Ni a los 65 ni a los 67: la nueva edad para cobrar el 100% de la jubilación
El próximo año traerá consigo un importante cambio para miles de trabajadores españoles que ya están pensando en la hora de su jubilación. Este 2025, la edad ya no será el único factor determinante tenido en cuenta para acceder al 100% de la pensión, de hecho el historial de cotización gana más peso que nunca antes. Este nuevo marco legal afectará a los nacidos en los 60' y 70' marcando una transición clave en el sistema de pensiones español, adaptándose a las necesidades económicas y demográficas actuales.
Durante muchos años, se asumía en el imaginario colectivo que al alcanzar los 65 años bastaba para retirarse con todos los derechos. Sin embargo, la Seguridad Social lo desmiente confirmando que solo los que hayan alcanzado un mínimo de años cotizados podrán jubilarse con la pensión completa a esa edad.
LOS REQUISITOS PARA JUBILARSE A LOS 65 AÑOS
Ya no basta con llegar a los 65 años, habrá que tener cotizados como mínimo 38 años y 3 meses a la Seguridad Social. En caso contrario, el 100% de la pensión se verá retrasado hasta alcanzar los 66 años y 8 meses (el porcentaje de la pensión no se verá afectado si se alcanza en ese momento). Esta medida del gobierno español no elimina otras vías para acceder a la jubilación, pero si establece una clara ventaja a aquellos que han contribuido al sistema durante más tiempo.
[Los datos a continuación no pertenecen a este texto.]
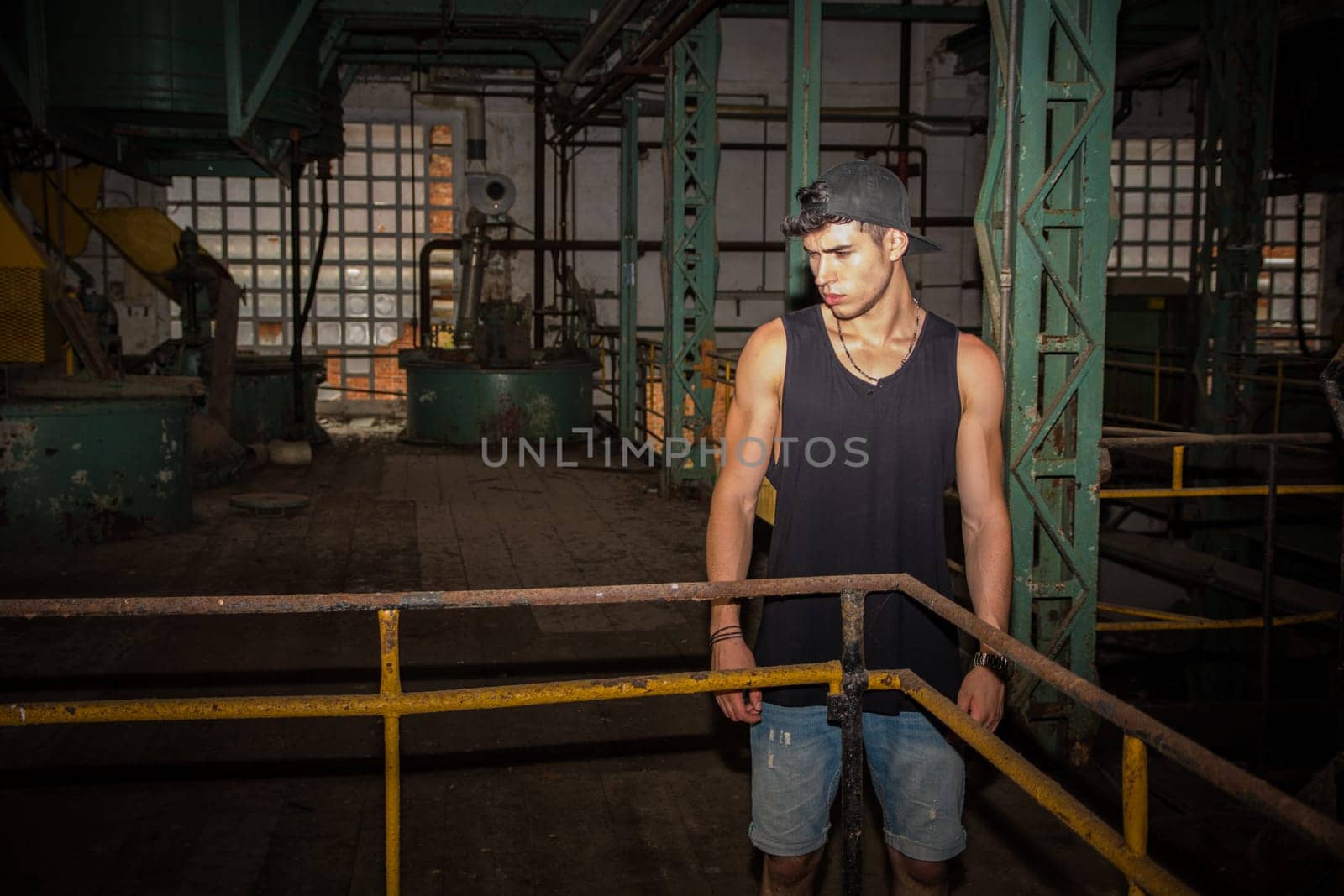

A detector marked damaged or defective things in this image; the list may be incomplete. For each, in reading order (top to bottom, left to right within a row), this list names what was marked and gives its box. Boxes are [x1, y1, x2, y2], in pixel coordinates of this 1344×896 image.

rusty metal railing [3, 577, 1344, 892]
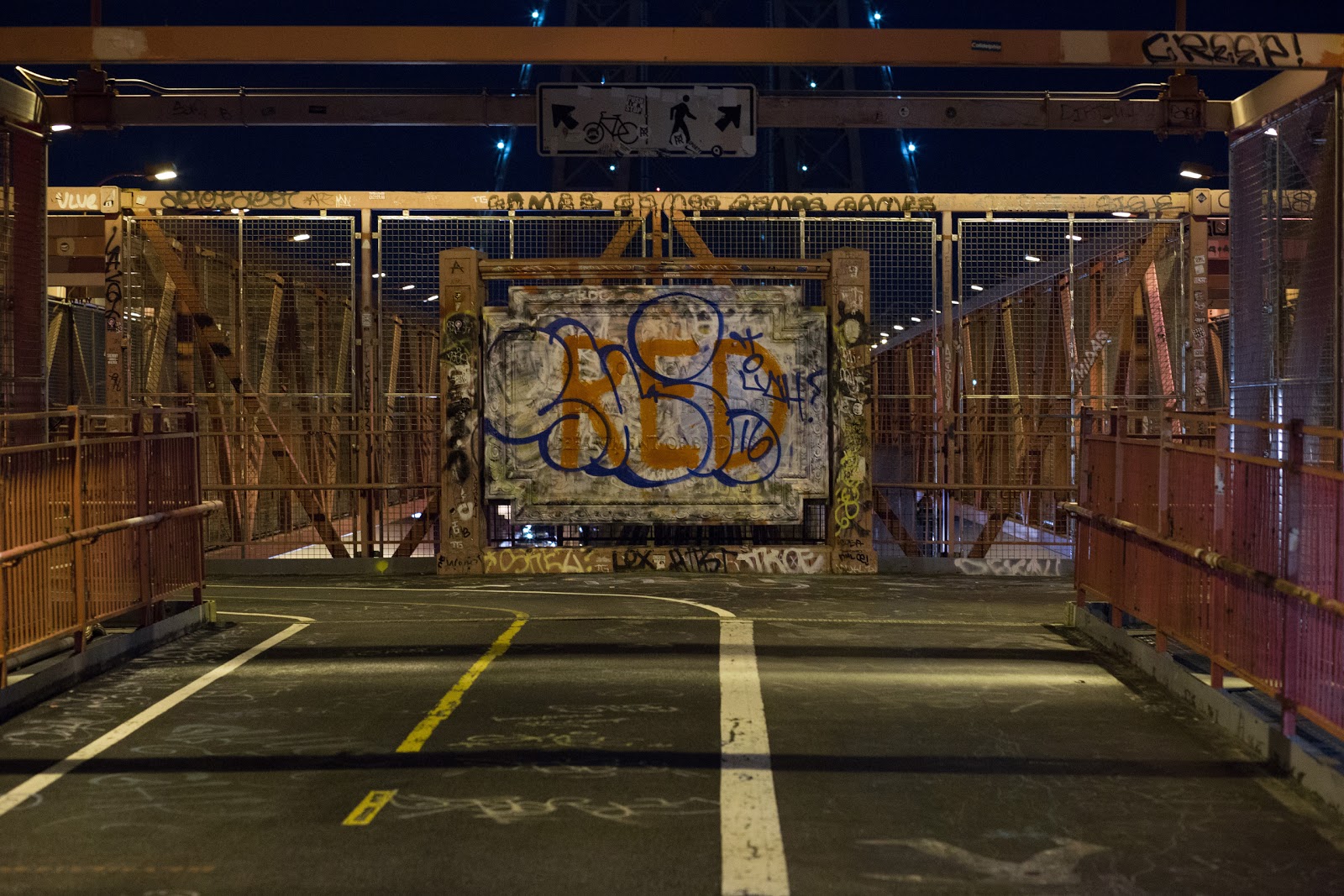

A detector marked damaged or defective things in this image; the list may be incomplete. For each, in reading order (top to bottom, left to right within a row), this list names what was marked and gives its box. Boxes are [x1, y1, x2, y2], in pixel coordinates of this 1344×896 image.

rusty steel beam [39, 91, 1236, 133]
rusty steel beam [3, 27, 1344, 70]
rusted metal surface [0, 406, 211, 688]
rusted metal surface [1069, 413, 1344, 741]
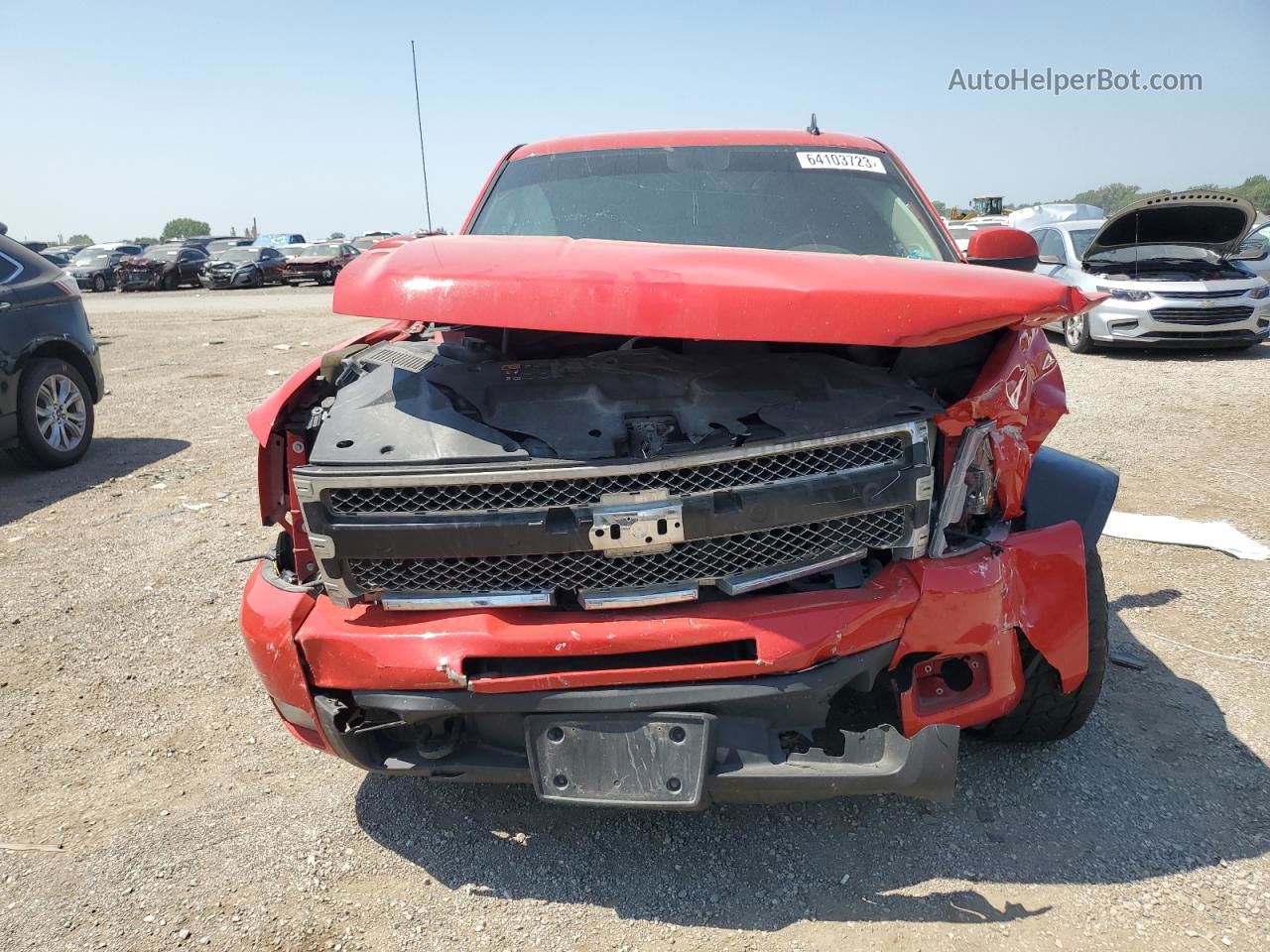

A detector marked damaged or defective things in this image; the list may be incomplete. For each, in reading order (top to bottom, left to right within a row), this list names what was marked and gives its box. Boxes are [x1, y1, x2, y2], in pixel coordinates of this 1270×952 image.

crumpled hood [1080, 191, 1262, 262]
crumpled hood [333, 235, 1095, 349]
severe front damage [243, 134, 1119, 805]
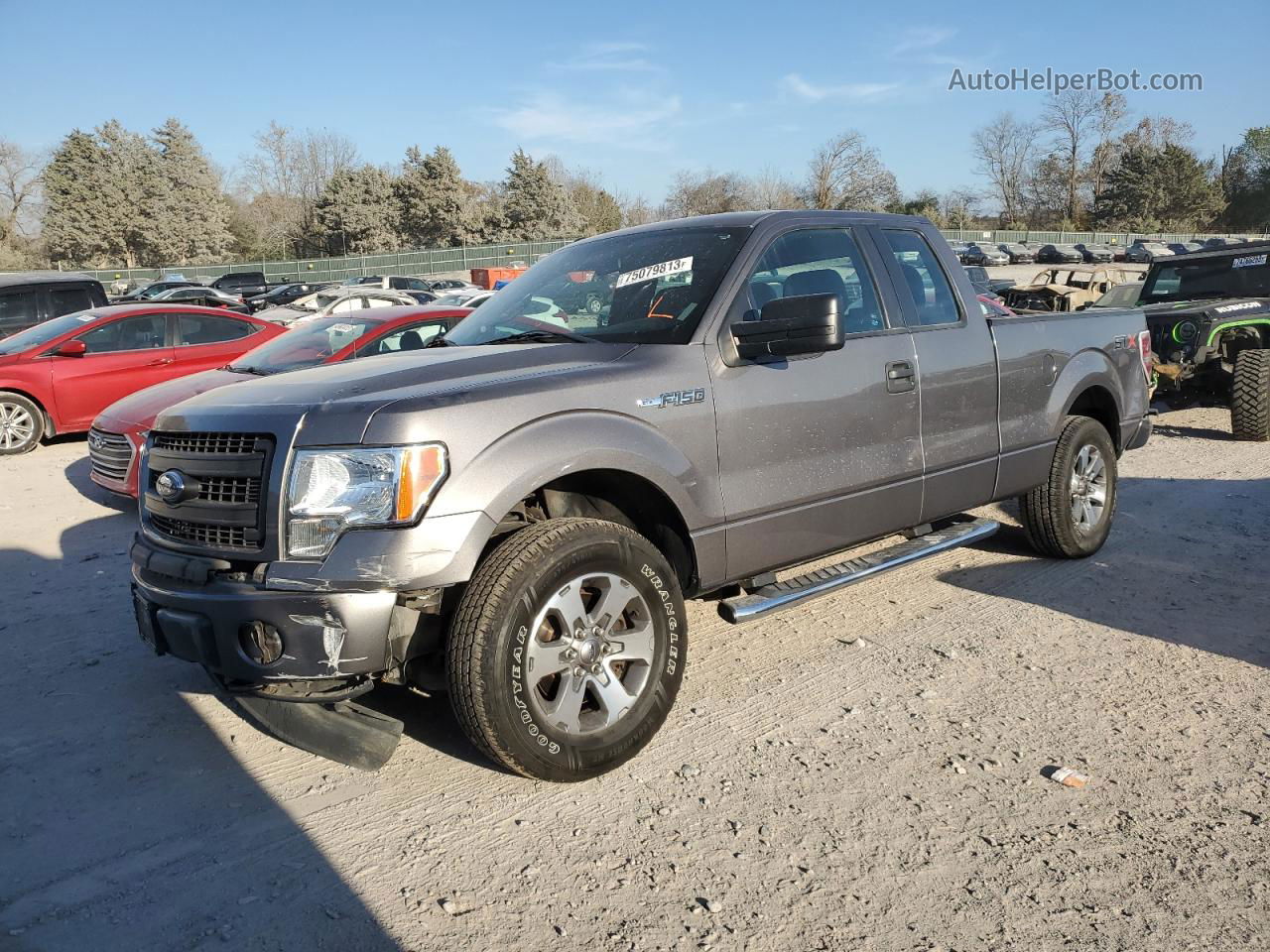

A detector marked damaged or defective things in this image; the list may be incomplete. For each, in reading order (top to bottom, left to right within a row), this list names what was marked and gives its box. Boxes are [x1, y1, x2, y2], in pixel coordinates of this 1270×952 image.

damaged front bumper [130, 537, 398, 685]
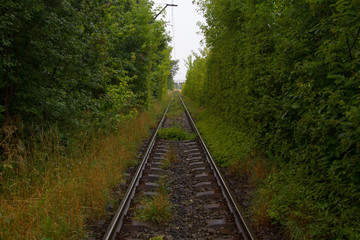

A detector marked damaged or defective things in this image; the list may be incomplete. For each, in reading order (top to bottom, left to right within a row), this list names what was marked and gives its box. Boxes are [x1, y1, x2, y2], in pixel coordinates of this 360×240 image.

rusty railroad track [100, 94, 256, 240]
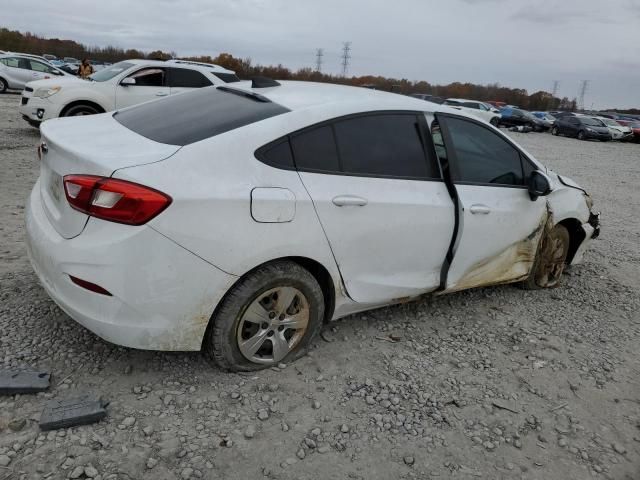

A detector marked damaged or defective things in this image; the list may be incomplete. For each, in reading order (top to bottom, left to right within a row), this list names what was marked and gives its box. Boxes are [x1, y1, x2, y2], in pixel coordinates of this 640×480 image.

broken plastic piece [0, 372, 50, 394]
broken plastic piece [39, 394, 108, 432]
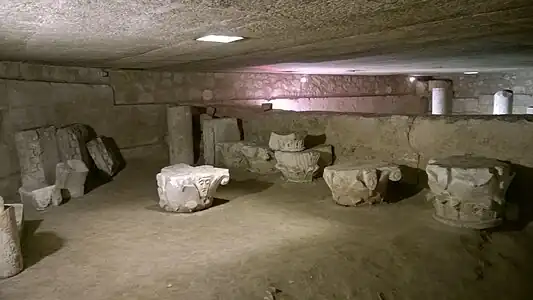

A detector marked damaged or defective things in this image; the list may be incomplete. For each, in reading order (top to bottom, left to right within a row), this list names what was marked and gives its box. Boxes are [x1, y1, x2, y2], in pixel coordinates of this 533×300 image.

cracked ceiling surface [1, 0, 532, 74]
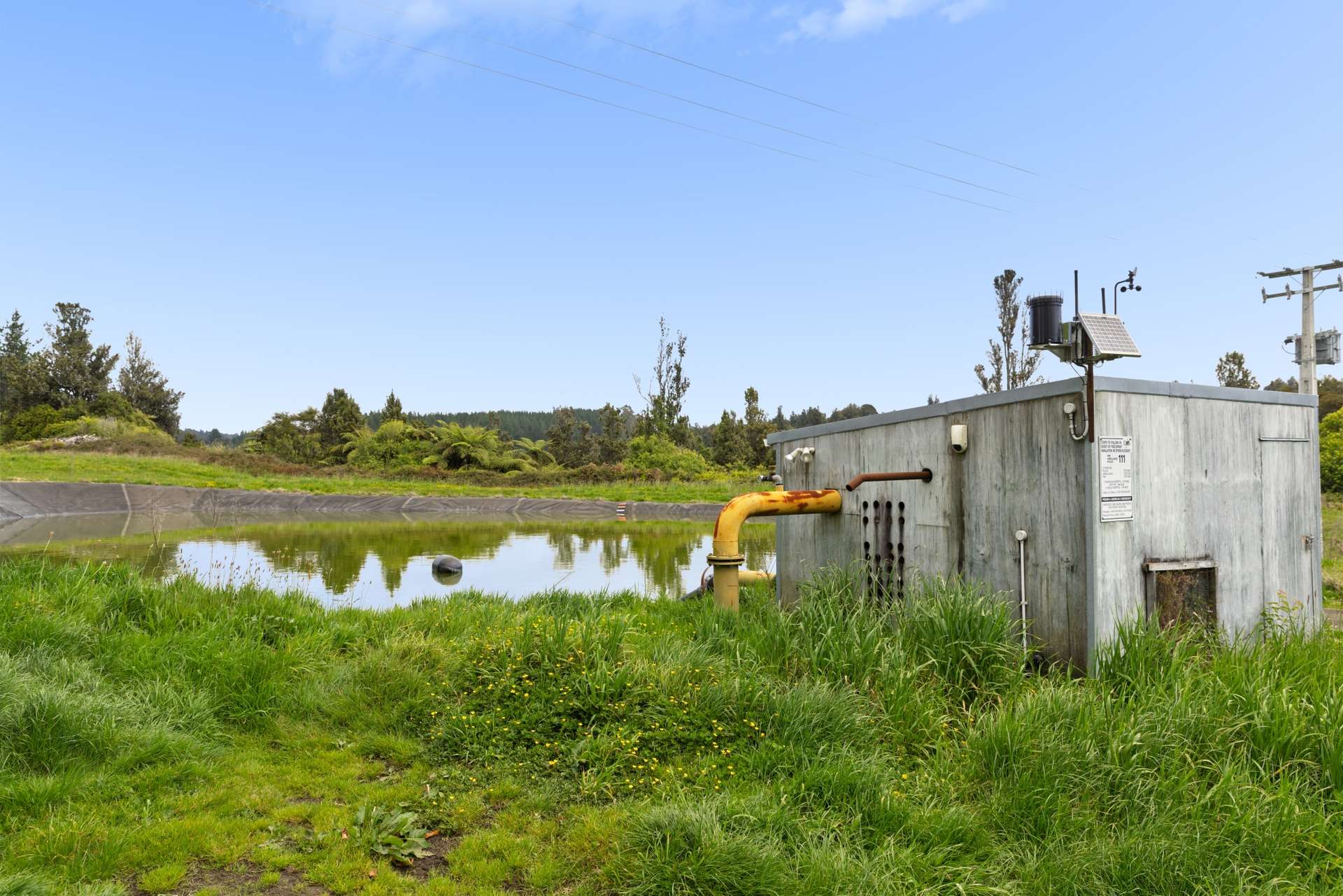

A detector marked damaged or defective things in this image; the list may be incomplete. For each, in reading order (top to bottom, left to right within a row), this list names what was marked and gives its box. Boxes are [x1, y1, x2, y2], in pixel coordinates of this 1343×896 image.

rusty yellow pipe [713, 487, 839, 613]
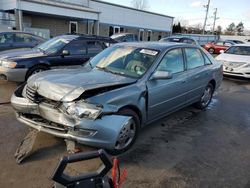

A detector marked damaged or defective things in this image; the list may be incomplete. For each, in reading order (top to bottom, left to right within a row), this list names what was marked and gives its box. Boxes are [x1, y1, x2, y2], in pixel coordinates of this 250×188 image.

detached front bumper [0, 66, 27, 82]
detached front bumper [10, 90, 131, 149]
crumpled front hood [27, 68, 136, 102]
broken headlight [61, 102, 102, 119]
damaged silver sedan [11, 42, 223, 154]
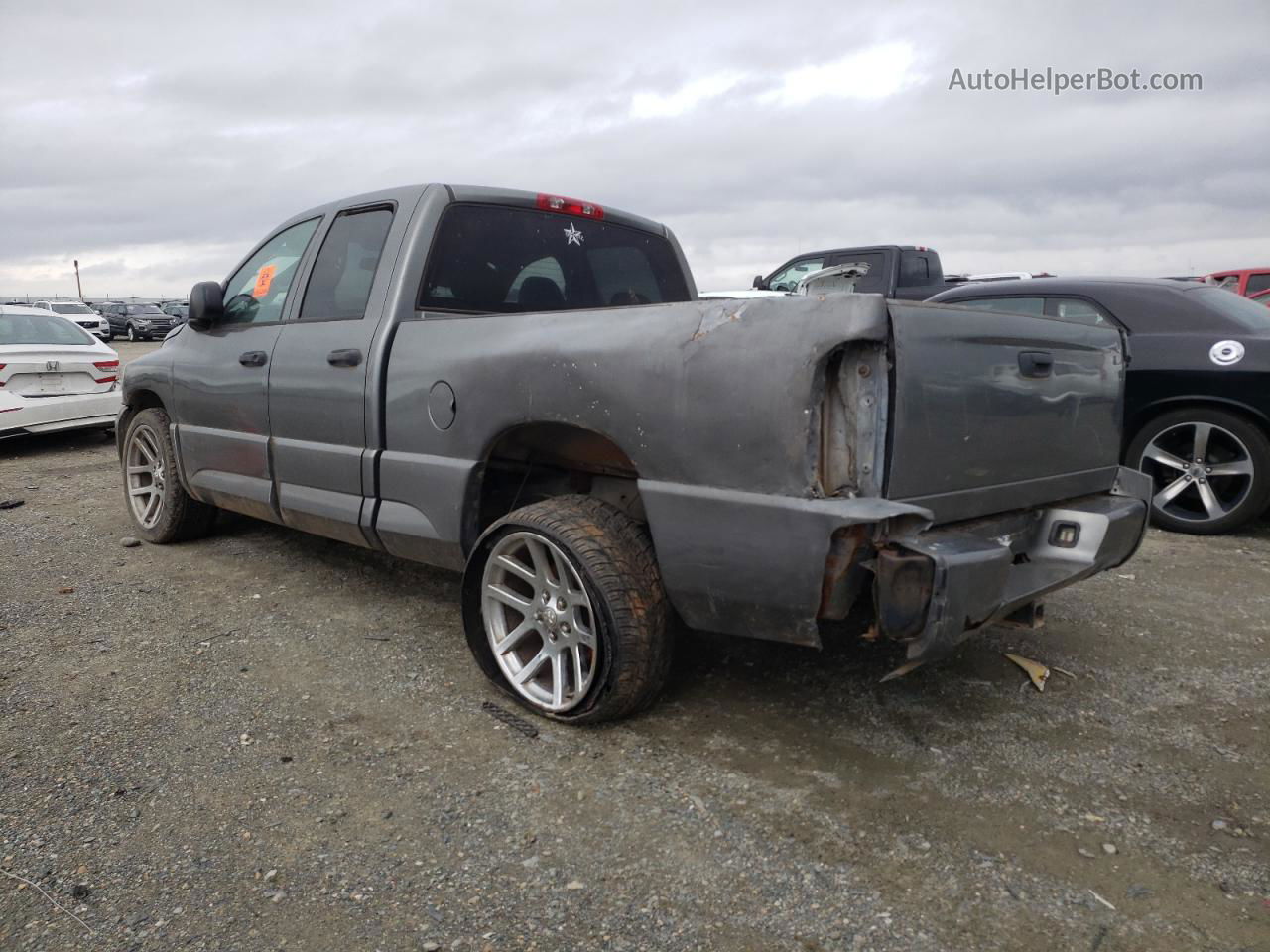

Esta nueva configuración del sistema de pensiones español responde a un modelo contributivo, es decir, quienes más han aportado podrán retirarse antes. Pero, al mismo tiempo también perjudica a aquellos que han tenido ciertas lagunas en su cotización (trabajos intermitentes o largas temporadas en situación de desempleo).
EL ESCENARIO QUE NOS ESPERA EN EL 2026 Y 2027
Todo apunta a que la edad legal para jubilarse de forma ordinaria continuará aumentando con el paso de los años. Para 2026 se establecerá en 66 años y 10 meses de cotización, y un año más tarde, en 2027, alcanzará los 67 años completos. Este escenario viene a decir que aquellas personas que consideren que ahora están cerca de jubilarse se anticipen y comprueben si cumplen los requisitos y, si es necesario, valorar alternativas como la jubilación anticipada o parcial.
También se contemplan modalidades específicas de retiro para colectivos con trabajos de riesgo o situaciones especiales, como personas con discapacidad reconocida o empleados en profesiones verdaderamente exigentes. No obstante, cabe señalar que en todos los casos es imprescindible presentar una documentación completa, gestionar correctamente la solicitud y asegurarse de que no existen errores en la vida laboral.
Con un marco gubernamental cada vez más convulso y una normativa en continuo cambio, cada vez queda más claro que acceder a la jubilación no es solo una cuestión de edad, sino de estrategia.